Pauline Privilege: A marriage between unbaptized persons is not a sacrament. However, if one of the parties is baptized, and the other party departs, the baptized party may enter a new marriage; when the baptized party enters the new marriage, the former marriage is automatically dissolved. The Pauline Privilege is also known as the Privilege of the Faith since it is seen as favorable to the preservation of the faith of the convert who was baptized. This is called the Pauline Privilege because St. Paul wrote about it to the Corinthians. This Pauline Privilege has been extended to similar cases, but not identical to the situation described above. These cases are then referred to as the Petrine Privilege.
Marriage Ceremony: The sacrament of
marriage is really ministered to the bride and groom by each other.
The Church requires the presence of a properly delegated priest as a
witness necessary for validity; two other witnesses are also
required for validity. In cases where one of the parties being
married is a non-Catholic, a dispensation may be obtained which
allows the non-Catholic minister to be the official witness in place
of the priest. The essential part of the marriage ceremony is the
mutual promise made by the bride and groom. The marriage ritual
allows for many options in the course of the rite. Ordinarily the
marriage is celebrated in the church of the bride; however, this is
regulated by custom and not law.
Matter of a Sacrament - That part of a sacrament which is used to perform the
sacramental rite. It is that part of a sacrament with which or to
which something is done in order to confer grace, e.g., water in
baptism, chrism in confirmation, bread and wine in the Eucharist.

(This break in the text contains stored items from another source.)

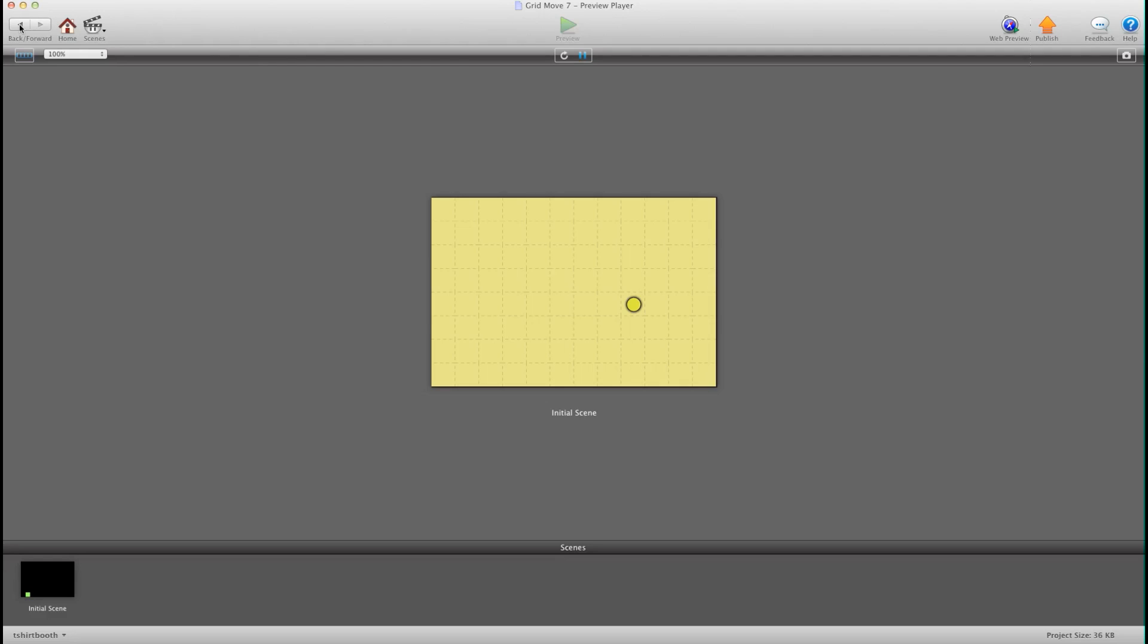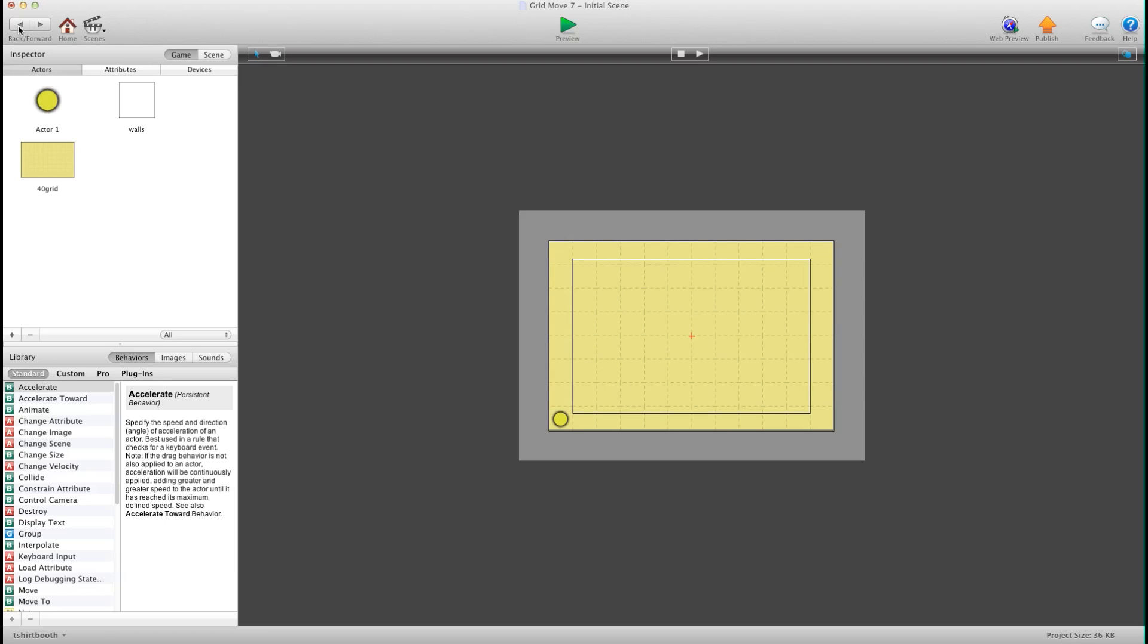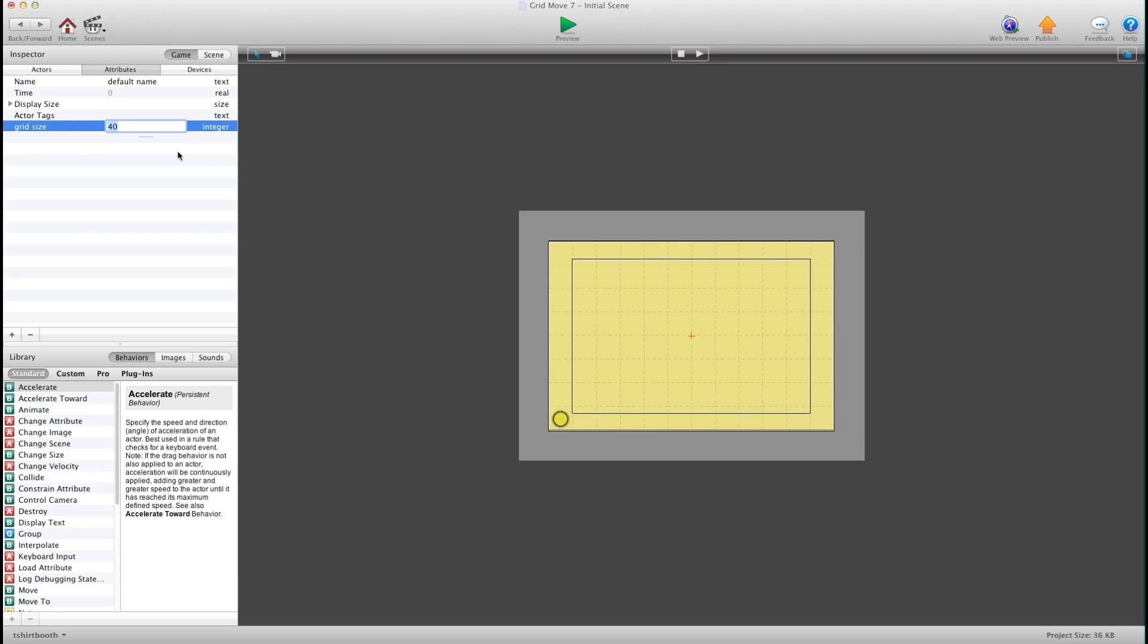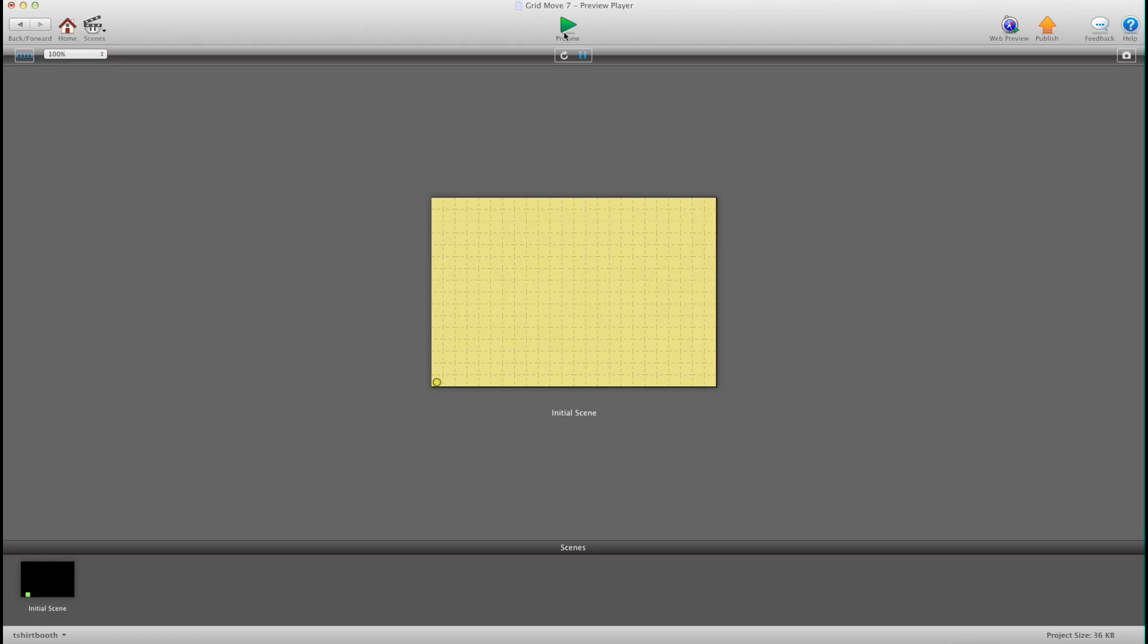Also a cool thing I've added in here is there's two different versions. So I have grid size here, so you've got 20 pixels or 40 pixels. I'm going to hit preview and now you can see we're at 20 pixel grid movement.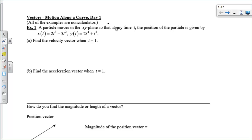Well, hi there, boys and girls. Today we're going to take a look at some vectors. Let's just get started with an example.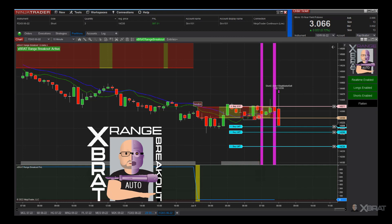The bias for the range is red so we're looking for a short. It gives us that first signal here but it didn't take — the order was cancelled because the range went yellow, so neutral. We then move up, come back down again and the bias for the range is red, so we get another order — a short order this time at 14,336.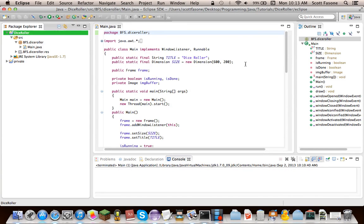Hello, and welcome back to my Java tutorial series on how to teach you how to make a dice roller, among several other things in the Dice Roller series, episode 2.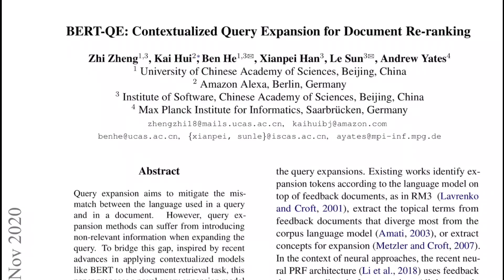Hi there, welcome to the new video. Today we'll be going to this very interesting paper titled BERT QE: Contextualized Query Expansion for Documentary Ranking. It's from researchers from University of Chinese Academy of Sciences, Amazon Alexa, Institute of Software Chinese Academy of Sciences, and Max Planck Institute of Informatics. This paper came out in November 2020.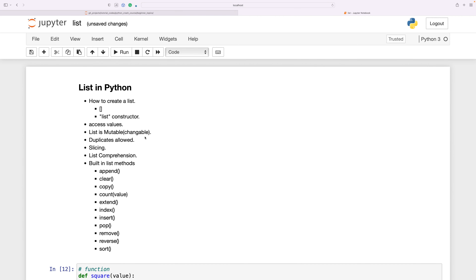In this tutorial I would like to talk about lists in Python. I have created an index of some of the things I want to cover. The first thing we are going to go through is how to create a list — there are two ways: using square brackets and using the list constructor.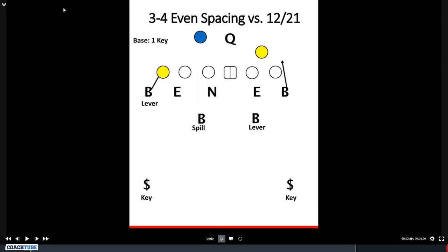Now we'll get into our base personnel rotations. The first one we'll look at is our one key from base. This is very similar to what we just looked at. We'll still have the safeties key off of that movable gap, and then the linebackers will be responsible for the other guys in the core — typically the tight end and the tailback.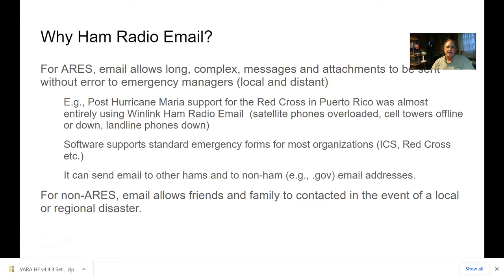ARES also likes that the WinLink software provides standard emergency forms for most organizations. If we're working with the Red Cross, we've got all the standard Red Cross forms right there, and we've got the ICS forms for the incident command system as well. Another nice feature is that it can send email to other hams and also to non-hams - so if we need to send to a .gov address, we can still send ham radio email to them.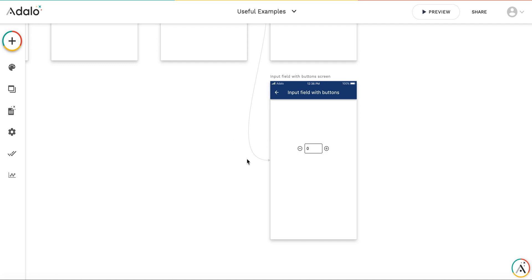Hi, in this video I will show you how to create an input field with plus and minus buttons and update the input field's value with these buttons.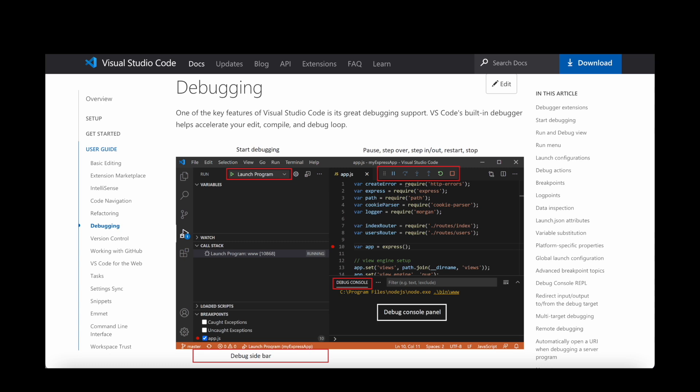Sublime Text on the other hand requires setting up build systems. You can install the Python debugger package for debugging. So while debugging works in Sublime, it lacks some of the features that Visual Studio Code provides.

Matthew, Saint - This Apostle of Our Lord was also called Levi; the change of his name to Matthew appears to have taken place upon his call to become a disciple. His new name was derived from the Hebrew, meaning gift of Jehovah. Prior to his conversion, Matthew was a tax collector, commonly known as a publican. His place of work was near Capharnaum on the road to Damascus from the Mediterranean; here he collected dues for Herod the tetrarch. He probably belonged to the agent or inferior class of tax collectors, and was not one of the wealthy, grafting collectors. Nevertheless, he was probably fairly rich and had much to give up in becoming a follower of Jesus.
Our Lord evidently recognized in Matthew a man
of high moral worth, of superior intellectual keenness, and of
spiritual perceptions which fitted him to become one of the leading
Apostles and the author of the Gospel especially adapted to the
needs of the Jewish people. Tradition says that Matthew remained in
Palestine and preached to his own people for fifteen years, and that
he afterwards went as a missionary to Ethiopia and other countries.
We have no information as tot his death, but it is generally held
that he dies a martyr.
Matthew, The Gospel of
- St. Matthew was unquestionably one of the Twelve Apostles,
his name occurring in all four lists of the New Testament. Prior to
this calling, he had been a tax collector named Levi (Mt 9:9-13 with
Lk 5:27-32). It is the unanimous tradition of Christian antiquity
that he was the author of the first of the four Gospels. In the
latter half of the twentieth century, this ascription has been
challenged by a solid phalanx of Catholic commentators. The problem
is compounded by the fact, admitted by the conservative commentators
as well, that we do not have a single fragment of the Aramaic
original writing which antiquity ascribed to him. The trend in
contemporary opinion is that the Gospel “of St. Matthew” was written
after and dependent upon the Gospel of St. Mark. If this is true, it
is highly unlikely that one of the Twelve Apostles would have taken
his material from Mark, who had not been an Apostle. Certainly no
one who is aware of the evidence could convincingly maintain that
modern scholars have in hand a literal Greek translation of St.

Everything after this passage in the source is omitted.